KOIOS is an efficient and exact filter verification framework to find the top-k sets with the maximum biparitie matching to a query set. Here we use KOIOS for semantic overlap search, where semantic overlap is the maximum biparite matching score between the tokens of the query set and the candidate set.
- Clone the repository onto your local machine.
- Download the fasttext-database from here, and save it in the root folder.

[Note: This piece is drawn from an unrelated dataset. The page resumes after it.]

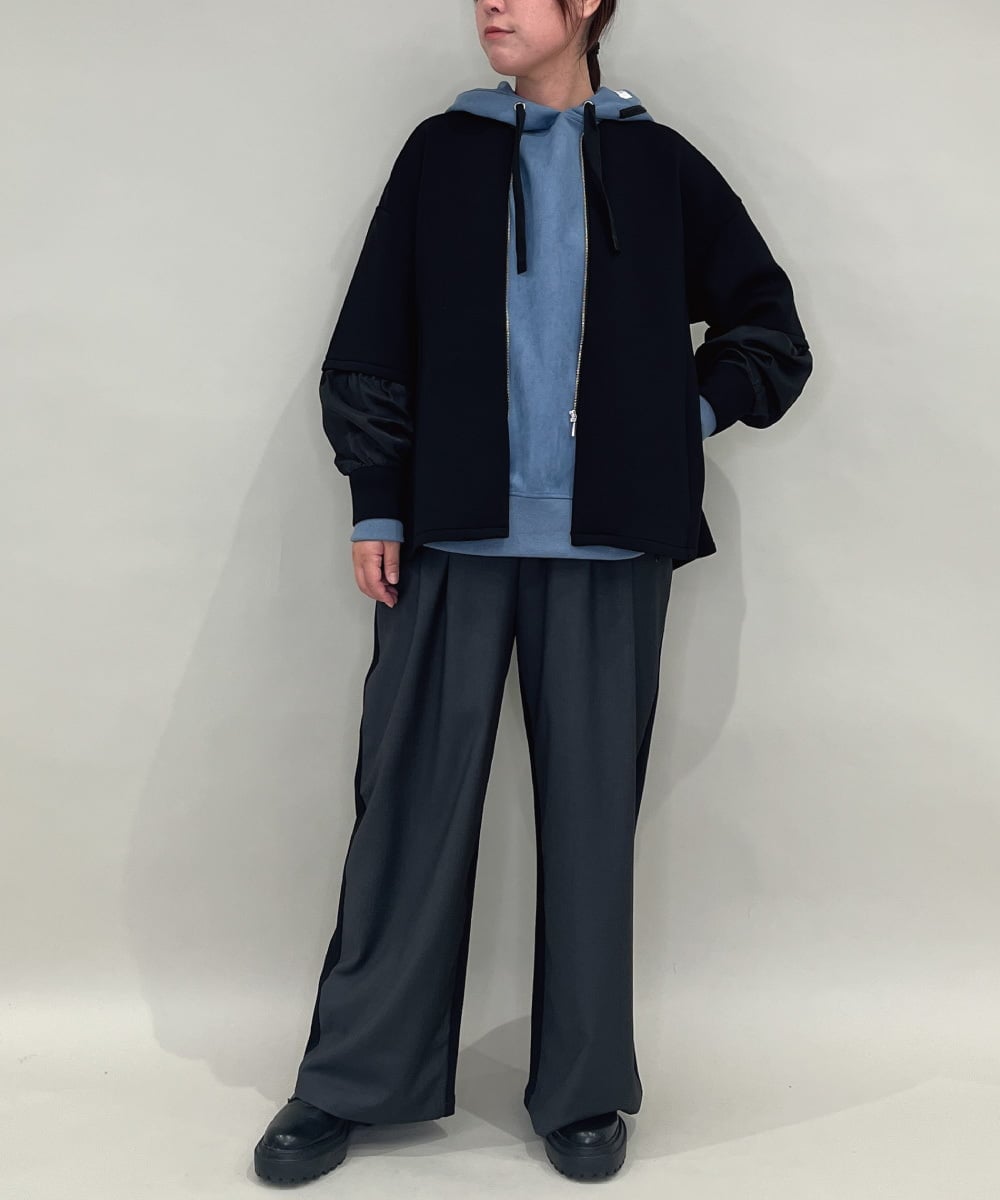 ZMJAE42136 al'aise modulation(アレーズモジュレーション) バックドロスト異素材ジョイントブルゾン ブラック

- Make sure all paths are correct in the
Makefile
- Run the following commands to initialize environment and Intel-OneAPI:
source bashrc
. /opt/intel/oneapi/setvars.sh --config=intel.config
For Syntactic Overlap Search
make koios-semantic
./build/koios-semantic <data-lake-path> <query> <result-location> <sim-threshold> <k> <number-of-partitions> 1
For Semantic Overlap Search using KOIOS
make koios-semantic
./build/koios-semantic <data-lake-path> <query> <result-location> <sim-threshold> <k> <number-of-partitions> 0
For Semantic Overlap Search using Baseline
make baseline-semantic
./build/baseline-semantic <data-lake-path> <query> <result-location> <sim-threshold> <k>
Cmake version 3.18 (version important):
If older version installed:
apt remove --purge --auto-remove cmake
Faiss index by Facebook:
- Refer INSTALL.md for details
- For now, if encountering any CUDA error, please use -DFAISS_ENABLE_GPU=OFF when compiling faiss
- Step 3: sudo make install "is not optional"
Sqlite3:
apt-get install sqlite3 libsqlite3-dev
FastText:
- Use the following API to generate the FastTextDB https://github.com/ekzhu/go-fasttext
Pull requests are welcome. For major changes, please open an issue first to discuss what you would like to change.
Please make sure to update tests as appropriate.